Schemata

Schemata is a schema modeling framework for decentralized domain-driven ownership of data. Schemata combines a set of standard metadata definitions for each schema & data field and a scoring algorithm to provide a feedback loop on how efficient the data modeling of your data warehouse is. Schemata support ProtoBuf & Avro formats.

Before we jump on let’s walk through Garbage-In Garbage-Out (GIGO) problem in the data lake

The Garbage-In Garbage-Out (GIGO) Problem

A data Warehouse is a centralized repository that allows you to store all your structured and unstructured data at any scale. As the definition suggests, Data Warehouse focuses on centralized data storage to break the organization’s data silo. The central repository removes entry barriers to integrating and analyzing various data sources in an organization.
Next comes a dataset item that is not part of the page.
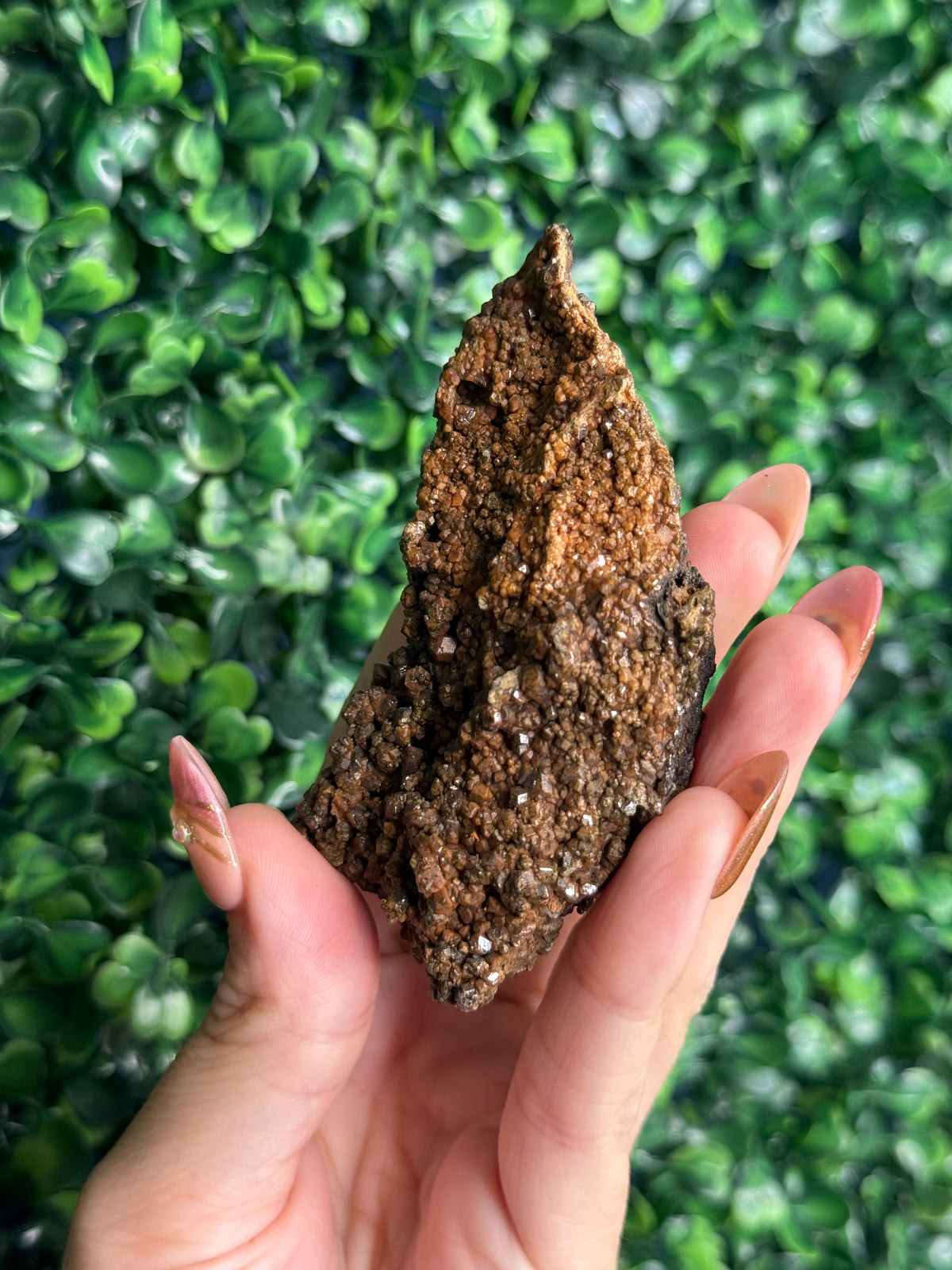 Andradite garnet from Nusa Tenggara Timur - Indonesia - D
However, as the data warehouse grows, the complexity of the data management grows.

The data producer generates data and sends it to the data lake.
The consumers down the line have no domain understanding of the producer and struggle to understand the data lake data.
The consumers then connect with the data producer to understand the data. The producer side’s domain expertise depends on human knowledge that may or may not be available.

Data Warehouse becomes a technical debt rather than a strategic advantage as it grows.
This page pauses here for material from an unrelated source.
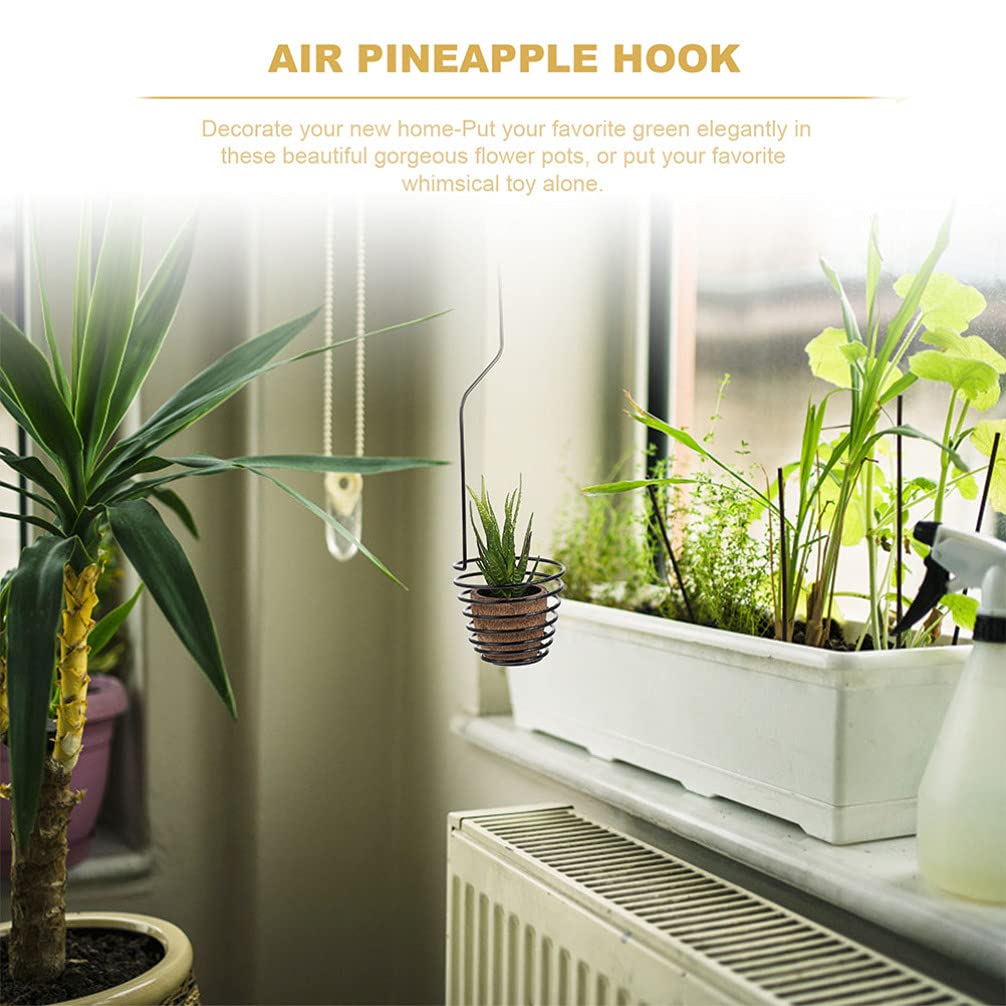 2 Pack Modern Iron Air Plant Hooks - Pineapple Design Hanging Display Rack for Tillandsia Plants, Succulents & Home Decor - Perfect for Living Room, Bedroom, Office & Indoor Garden Decor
How do Schemata solve the Garbage-In Garbage-Out (GIGO) problem?

Schemata enables domain-oriented data ownership

Schemata focuses on treating data as a product. The feature team that works on the product feature has the domain understanding of the data, not the data’s consumer. Schemata enables a feature team to create, attach metadata, catalog the data, and store it for easier consumption.

The data curation and the cataloging of the data at the data creation phase bring more visibility and make it easier for consumption. The process also eliminates the human knowledge silo and truly democratizes the data. It helps the data consumers not worry about the data discovery and focuses on producing value from the data.

Schemata facilitates decentralized data modeling

Traditionally upfront data modeling came with a cost. Often a centralized data architecture/ modeling team coordinates with multiple teams to design an enterprise data modeling. It is hard for one individual human to hold the entire company’s data architecture in their head. The data modeling tools don’t reflect the current state of the data modeling. Decentralized data modeling is the only scalable approach, and Schemata enables the bottom-up crowdsourcing data modeling approach to democratize data access in an organization.

Schemata brings DevOps principles to data modeling

The decentralized data modeling principle brings a unique collaborative approach to managing the data asset’s lifecycle. It brings all the proven devops principles like ownership, accountability, collaboration, automation, continuous improvement, and customer-centric action to the data management.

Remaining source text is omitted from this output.